Preview: Mexico versus Cameroon

Mexican captain Rafael Márquez (Right) will need to be at his best to stop the speedy Cameroon forward Samuel Eto’o (left), tomorrow at the Estadio das

Mexican captain Rafael Márquez (Right) will need to be at his best to stop the speedy Cameroon forward Samuel Eto’o (left), tomorrow at the Estadio das Dunas.

Group A:

Mexico and Cameroon will battle it out for second place in the second match of the World Cup.

By: Kevin Buckles Jr, Sports Editor


After watching fellow group foe and World Cup favorite Brazil win their opening match against Croatia, 3-1, underdogs Mexico and Cameroon will face off at Arena das Dunason Friday to try to keep pace and earn three points.

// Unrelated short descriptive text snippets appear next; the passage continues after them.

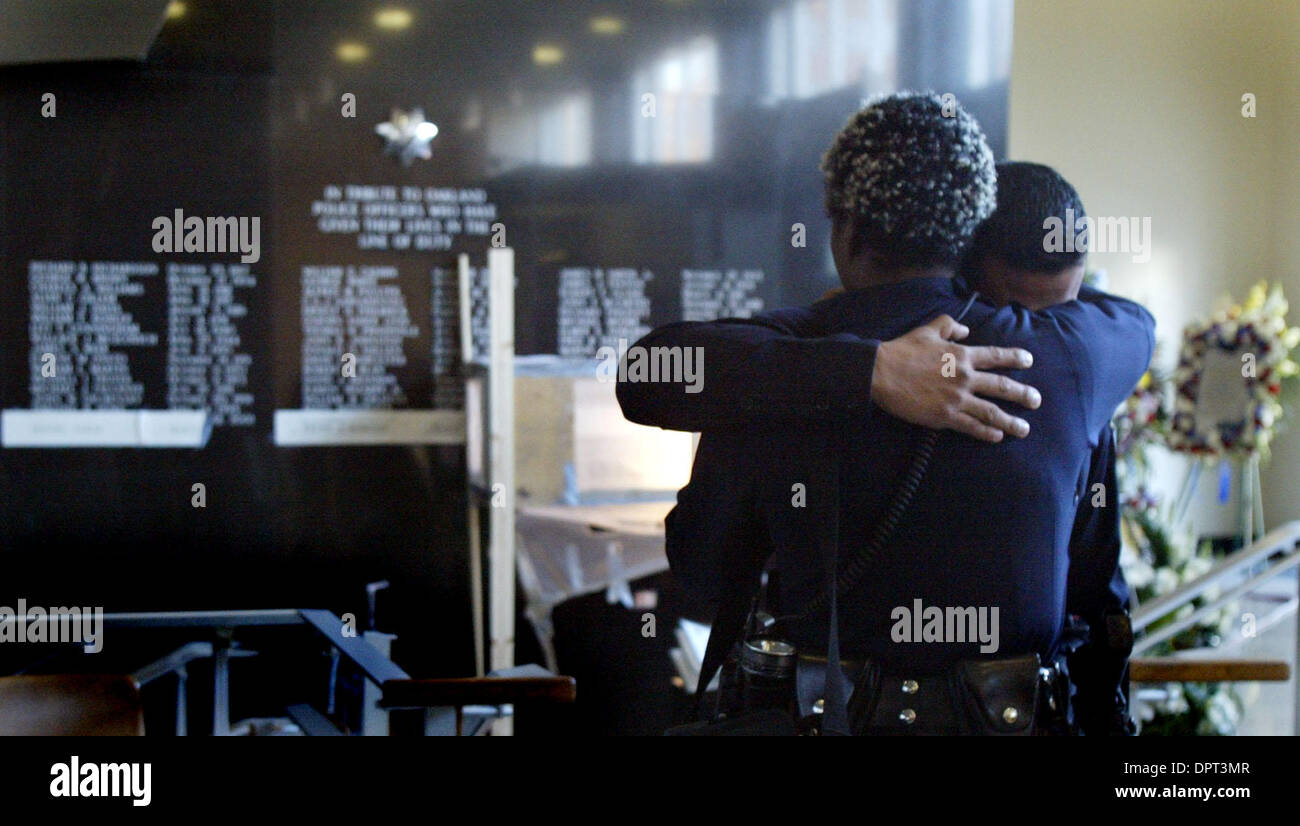 Two Oakland Police officers embrace in the lobby where the Marin Monument Co. is  sandblasting the names of the four officers on the black granite wall at the Oakland Police Department in Oakland, Calif. on Thursday, March 26, 2009. (Laura A. Oda/Staff) Stock Photo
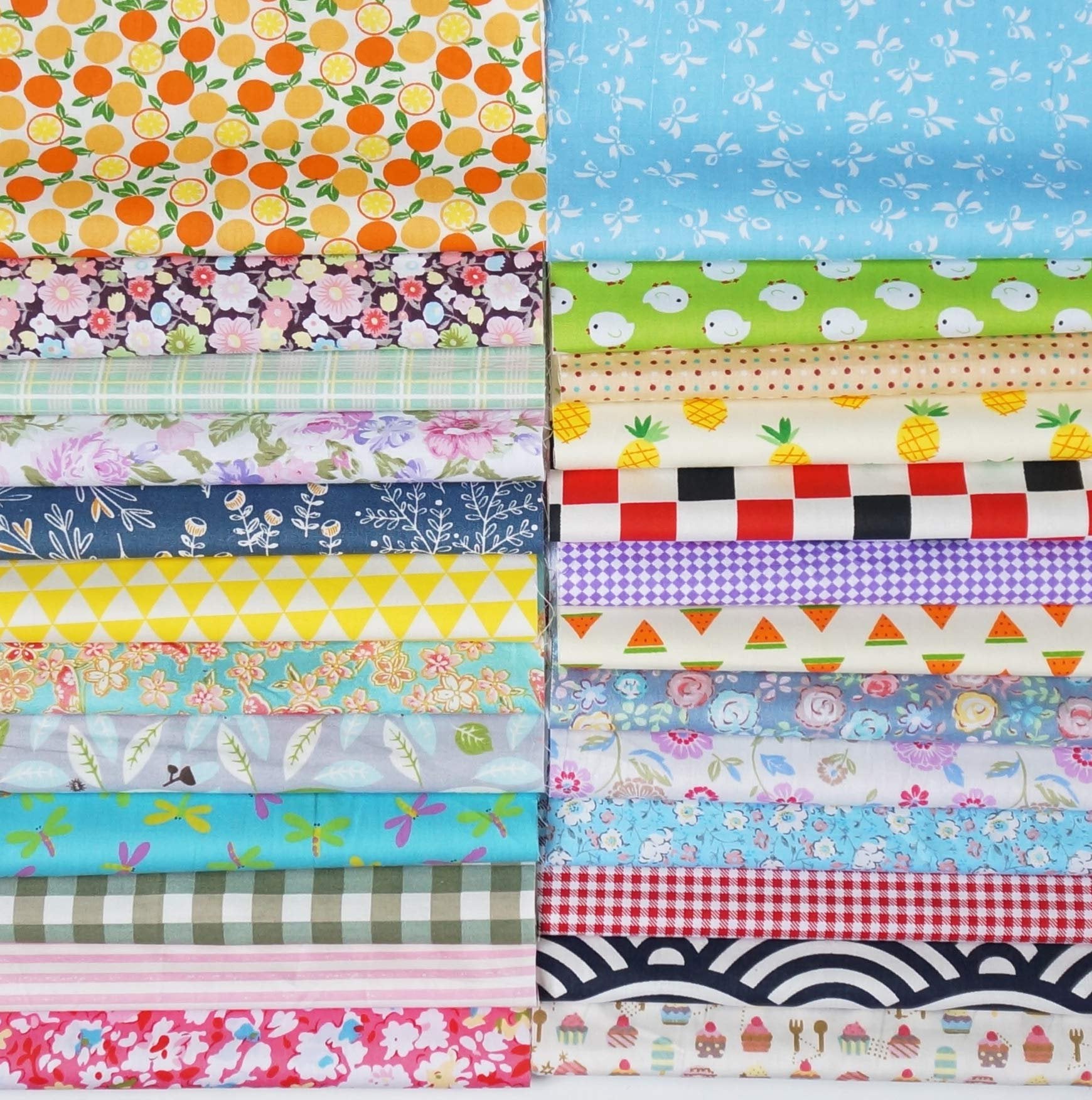 Stack of assorted pre-cut cotton fabric squares with various patterns including fruits, flowers, and geometric designs.
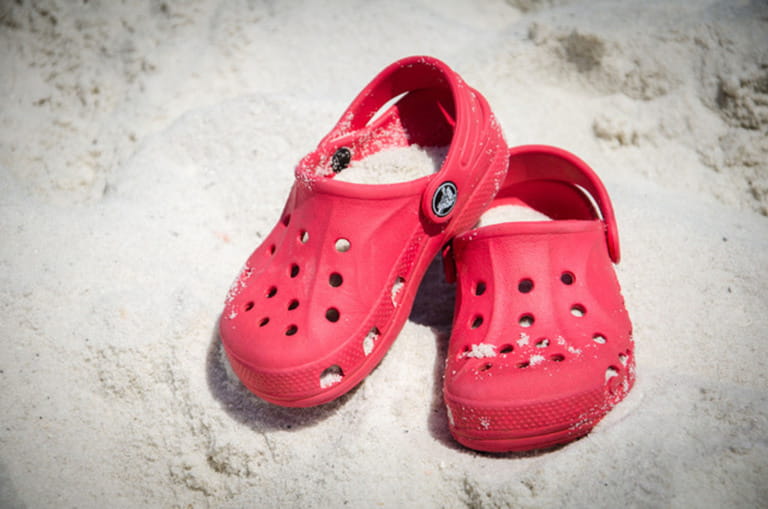 Pair of Crocs shoes covered in sand on the beach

The Mexicans will have their work cut out for them in Brazil where only four starters from last year’s Confederations Cup remain. In a game where continuity, chemistry, and timing are key, especially on such a world stage, the lack of familiarity could cause issues for this group.

Mexico Head Coach Miguel Herrera feels great about his assemblage of players however, stating that they are all banded together and focused on making a run at history.

“We are all very close, very united,” Herrera told the press in a pregame conference. “… Thinking of only one thing: making history and advancing where other Mexican teams couldn’t.”

Herrera has already made headlines before the tourney by announcing that 2010 World Cup standout and Manchester United forward Javier “Chicharito” Hernandez will not start for his team and will come off of the bench to start the tournament.

“The competition is very close and the 11 that started against Portugal left me very confident in their attacking efforts, “ said Herrera in his pre-game press conference. “There is very good chemistry between Oribe and Gio, that’s why we chose to start with them.”

Hernandez admitted in an interview with CNN that it was a tough year for him and that could have contributed to Herrera’s decision to bring him off of the bench. Despite the circumstances though, Chicharito still echoed his coach’s attitude of wanting to make history for Mexican soccer in the World Cup.

“It was a very difficult year for me especially because I couldn’t play and I couldn’t help my team,” Hernandez told CNN. “But my head now is 100% on the national team. I’m very focused and very concentrated on this World Cup.”

Chicharito’s exemption from the starting lineup very well could determine Mexico’s fate in every crucial group match en route to the Round of 16. The forward plays fearless and aggressive, two qualities a team’s go-to guy must possess and feed off to his team early in the game to get the squad moving in the right direction. The opposite start could spell disaster.

The world saw in the Brazil/Croatia match what could happen when a team starts sluggishly, no matter the opponent. Had it not been for a highly questionable penalty kick awarded to Brazil in the 71 minute of the match in which Neymar took advantage to give his team a 2-1 lead, the host nation may have merely tied with Croatia instead of earning three points, thus ending the game in massive disappointment. This all would have been attributed simply to Brazil’s lackadaisical start.

This is where Cameroon may have a slight advantage heading into their duel.

The men from East Africa have had more stability and structure over the past year than Mexico and are coming off of an uplifting 2-2 draw versus Germany just 12 days ago in their final tune-up before arriving in Brazil. Couple that with Mexico historically never defeating an African team in a World Cup match, going 0-1-2. There is some reason to believe that Cameroon could raise some eyebrows and potentially upset the Mexicans in their first match of the tourney.



Despite the disparity in talent, Mexico will fail to capitalize enough against a gritty Cameroon and end the game in a 1-1 tie.